ECB cuts interest rate to 1.25%


Minister for Finance Michael Noonan has urged banks to pass on decreases to consumers after the European Central Bank unexpectedly cut interest rates today.

ECB officials, meeting under the presidency of Mario Draghi for the first time, cut the benchmark interest rate by 0.25 of a percentage point to 1.25 per cent.

The decrease in the ECB rate will see the cost of a typical €250,000 tracker mortgage fall by about €32 a month.

Mr Noonan said the financial regulator Matthew Elderfield has made it clear to banks that they need to pass on interest rate cuts.

Mr Noonan, speaking before addressing the Institute of International and European Affairs in Dublin today, said he welcomed the rate cut and hopes it is the first in a series of several in the coming months.

“I hope it’s the first rate cut of a series of three. I think the European economy could do with the injection of a three-quarter per cent rate-cut between now and early in the New Year,” he said.

“Obviously the banks should pass it on. It will automatically pass on with trackers but I think the regulator, Matthew Elderfield, has already made it that he will intervene if he [thinks] that rate-cuts in Europe are being absorbed by the banks rather than being passed on to customers.”

Fianna Fáil finance spokesman Michael McGrath said it was “incumbent” upon Mr Noonan to make sure the interest rate is passed on. “Fine Gael promised to force the banks to absorb interest rate increases but failed to deliver when the ECB twice increased rates earlier this year,” he said.
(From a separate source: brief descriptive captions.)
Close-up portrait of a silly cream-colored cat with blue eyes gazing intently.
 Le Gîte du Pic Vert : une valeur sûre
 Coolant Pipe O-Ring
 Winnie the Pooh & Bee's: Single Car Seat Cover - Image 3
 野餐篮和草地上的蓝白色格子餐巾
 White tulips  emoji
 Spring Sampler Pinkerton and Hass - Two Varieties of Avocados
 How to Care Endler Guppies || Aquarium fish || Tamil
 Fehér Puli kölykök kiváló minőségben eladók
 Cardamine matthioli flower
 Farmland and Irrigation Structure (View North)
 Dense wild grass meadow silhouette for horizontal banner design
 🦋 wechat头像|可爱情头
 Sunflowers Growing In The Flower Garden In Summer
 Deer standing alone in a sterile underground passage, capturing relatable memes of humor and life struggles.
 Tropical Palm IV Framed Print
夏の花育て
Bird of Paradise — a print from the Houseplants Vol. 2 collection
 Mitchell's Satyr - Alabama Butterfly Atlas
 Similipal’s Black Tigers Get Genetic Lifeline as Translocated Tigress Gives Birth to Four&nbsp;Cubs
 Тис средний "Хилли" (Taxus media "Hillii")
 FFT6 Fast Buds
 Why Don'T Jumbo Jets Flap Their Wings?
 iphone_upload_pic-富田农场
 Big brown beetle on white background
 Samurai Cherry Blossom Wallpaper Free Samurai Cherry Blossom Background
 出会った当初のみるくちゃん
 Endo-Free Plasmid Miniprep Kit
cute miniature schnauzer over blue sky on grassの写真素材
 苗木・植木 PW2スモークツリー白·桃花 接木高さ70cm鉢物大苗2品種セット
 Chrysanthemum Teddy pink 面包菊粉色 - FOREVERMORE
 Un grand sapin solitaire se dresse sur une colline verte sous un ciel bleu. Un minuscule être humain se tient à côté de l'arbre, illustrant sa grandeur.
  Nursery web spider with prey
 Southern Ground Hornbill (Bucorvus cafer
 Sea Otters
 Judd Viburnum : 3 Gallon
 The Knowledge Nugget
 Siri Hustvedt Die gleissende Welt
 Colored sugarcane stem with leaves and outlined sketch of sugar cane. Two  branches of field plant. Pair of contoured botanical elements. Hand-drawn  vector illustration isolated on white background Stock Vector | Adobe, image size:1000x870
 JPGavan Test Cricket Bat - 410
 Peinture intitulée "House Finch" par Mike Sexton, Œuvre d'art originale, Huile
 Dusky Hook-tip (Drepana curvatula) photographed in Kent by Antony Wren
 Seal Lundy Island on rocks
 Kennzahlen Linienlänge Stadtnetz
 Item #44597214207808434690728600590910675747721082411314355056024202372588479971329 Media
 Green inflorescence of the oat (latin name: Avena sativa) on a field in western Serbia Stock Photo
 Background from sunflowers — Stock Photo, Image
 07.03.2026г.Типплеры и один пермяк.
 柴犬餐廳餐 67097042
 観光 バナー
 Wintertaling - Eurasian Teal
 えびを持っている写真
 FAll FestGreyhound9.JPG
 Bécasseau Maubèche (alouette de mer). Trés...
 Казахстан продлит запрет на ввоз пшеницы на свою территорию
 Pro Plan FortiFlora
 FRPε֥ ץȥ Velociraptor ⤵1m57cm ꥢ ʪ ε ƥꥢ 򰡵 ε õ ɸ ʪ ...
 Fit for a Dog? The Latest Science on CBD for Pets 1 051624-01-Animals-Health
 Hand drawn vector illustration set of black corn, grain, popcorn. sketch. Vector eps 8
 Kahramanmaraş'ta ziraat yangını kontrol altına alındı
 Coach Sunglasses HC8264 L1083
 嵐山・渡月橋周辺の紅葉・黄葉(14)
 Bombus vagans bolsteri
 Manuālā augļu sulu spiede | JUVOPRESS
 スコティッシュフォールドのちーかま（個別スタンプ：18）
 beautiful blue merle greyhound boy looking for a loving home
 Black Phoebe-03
Permanent tsb bank confirmed this evening that it will cut mortgage rates by 0.25 per cent following today’s announcement by the ECB. The cuts, which will apply to both variable and tracker rate mortgages, will be effective from November 21st.

Speaking at a press conference in Frankfurt, Mr Draghi said the euro zone could subside into a "mild recession" in the latter part of this year.

The Italian has walked into a maelstrom in his first week at the ECB's helm, with euro zone leaders contemplating a future without Greece and economic policy paralysis in his home country threatening to pitch Rome into the storm.

But he offered no commitment to scale up the bank's bond-buying programme to support the likes of Italy and Spain. "What we are observing now is ... slow growth heading towards a mild recession by year-end," Mr Draghi said. "A significant downward revision to forecasts and projections for average real GDP growth in 2012 (are) very likely.”

The rate cut gave a modest boost to stock markets. The FTSEurofirst 300 index of top European shares was up 1.3 per cent this afternoon.

The decision to cut rates came despite inflation in the 17-country euro zone staying at 3.0 per cent for a second month running in October, well above the ECB's target of just below 2 per cent.

Mr Draghi said the ECB expected inflation to subside below 2 per cent next year.

European leaders said earlier before the start of the G20 summit in Cannes that they were prepared for Greece to leave the euro zone to preserve the 12-year-old single currency if Athens does not decide quickly to implement a bailout programme, putting the likes of Italy and Spain, and even France, firmly in the markets' sights.

Mr Draghi succeeded France's Jean-Claude Trichet as ECB chief on Tuesday.